Laporan Wartawan Tribunnews.com, Gita Irawan
TRIBUNNEWS.COM, JAKARTA – Kasubdit III Dittipdsiber Bareskrim Polri Kombes Pol Kurniadi mengatakan pihaknya punya cara sendiri untuk menegakkan hukum terhadap pelaku penyebar hoax yang masih “polos” atau tidak memahami apa yang disebarkannya adalah hoax.
Ia mengatakan, pihaknya tidak memasang kaca mata kuda dalam menangani para pelaku tersebut namun menggunakan pendekatan restoratif justice.

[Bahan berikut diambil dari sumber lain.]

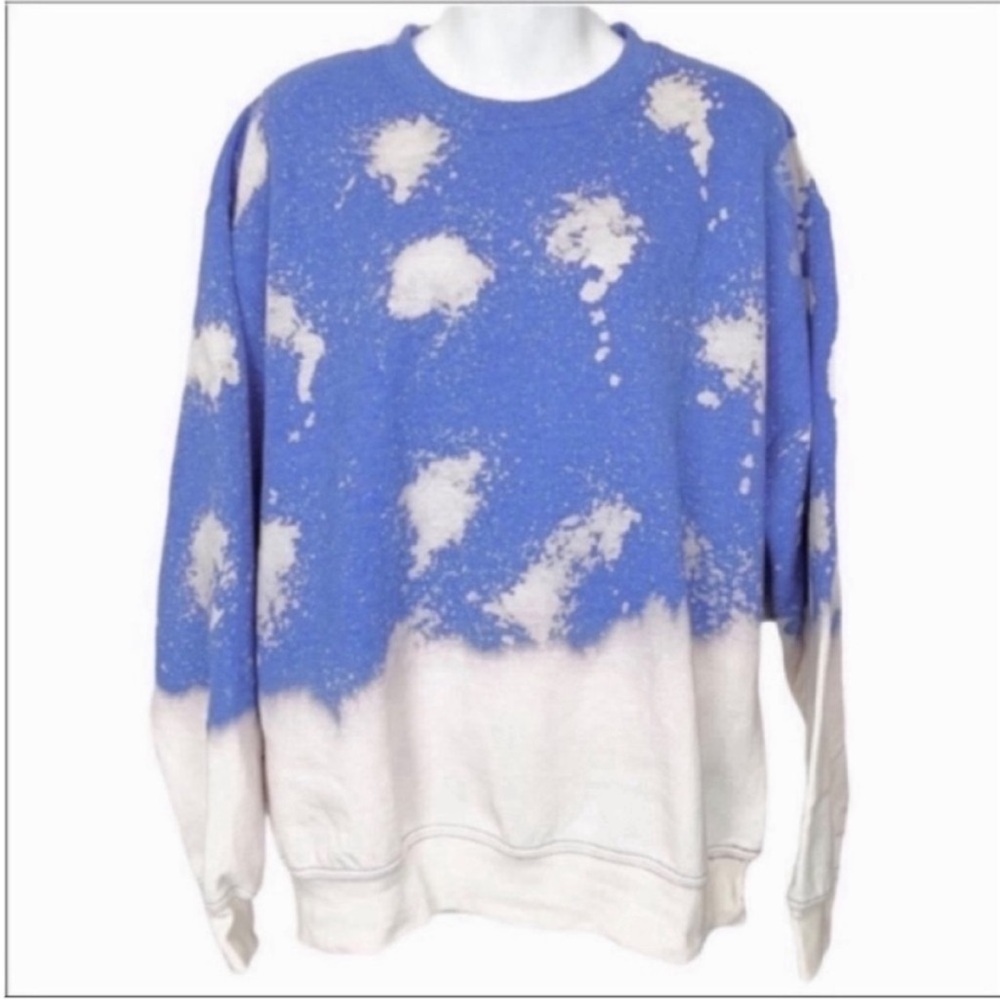 bleached tie-dye sweatshirt top M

Hal itu disampaikannya dalam Diskusi Publik Institute for Indonesia Local Policy Studies (ILPOS) dengan tema “Menjadi Pemilih Cerdas Melawan Maraknya Hoax dan Ujaran Kebencian Jelang Pemilu 2019” pada Kamis (10/1/2019) di Matraman, Jakarta Pusat.
“Setelah kita lakukan tindakan kita dalami kita profiling, pelakunya ada, kita lakukan penegakan hukum. Law enforcement disini Polisi tidak semata mata tutup mata pake kacamata kuda, pokoknya dia melanggar aturan,” kata Kurniadi.

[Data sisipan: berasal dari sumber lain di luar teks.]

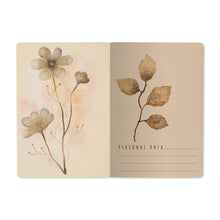 Load image into Gallery viewer, Blush and Golden Flowers Notebook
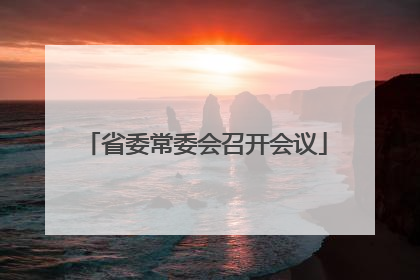 省委常委会召开会议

Baca: Soal Hoax 7 Kontainer Surat Suara Tercoblos, Andi Arief Bisa Dijerat UU ITE
Ia mengatakan, selama 2018 ada beberapa kasus yang dilakukan dengan metode penegakan hukum restoratif justice.
Hal itu dilakukannya karena melihat perkembangan teknologi yang terlalu cepat.
“Karena kita memandang perkembangan teknologi kita itu terlalu cepat, budaya kita itu masih menyesuaikan perkembangan teknologi itu,” kata Kurniadi.
Sebagai contoh, ia menceritakan pengalamannya ketika menangani sejumlah pelaku hoax tentang penculikan anak yang pelakunya adalah ibu-ibu.
“Setelan kita lakukan penangakapan mereka bertanya, ‘Pak emang itu salah ya?’ Itu ada 8 tersangka kalau mau proses hukum. Pelakunya adalah ibu-ibu semua,” kata Kurniadi.
Ia menilainya wajar karena hoax tersebut nerkaitan dengan penculikan anak yang membuat para pelaku khawatir sehingga menyebarkannya.
Setelah melakukan penangkapan timnya kemudian menyita handphonenya dan mengembalikannya lagi.
“Biasanya yang kita lakukan, di dalam groupnya share ‘Mohon maaf yang saya lakukan pada tanggal sekian pada bapak ibu sekalian bahwa itu adalah ternyata berita bohong’. Nah ini adalah restoratif justice untuk menghindari masyarakat yang tertinggal dalam mengejar teknologi,” kata Kurniadi.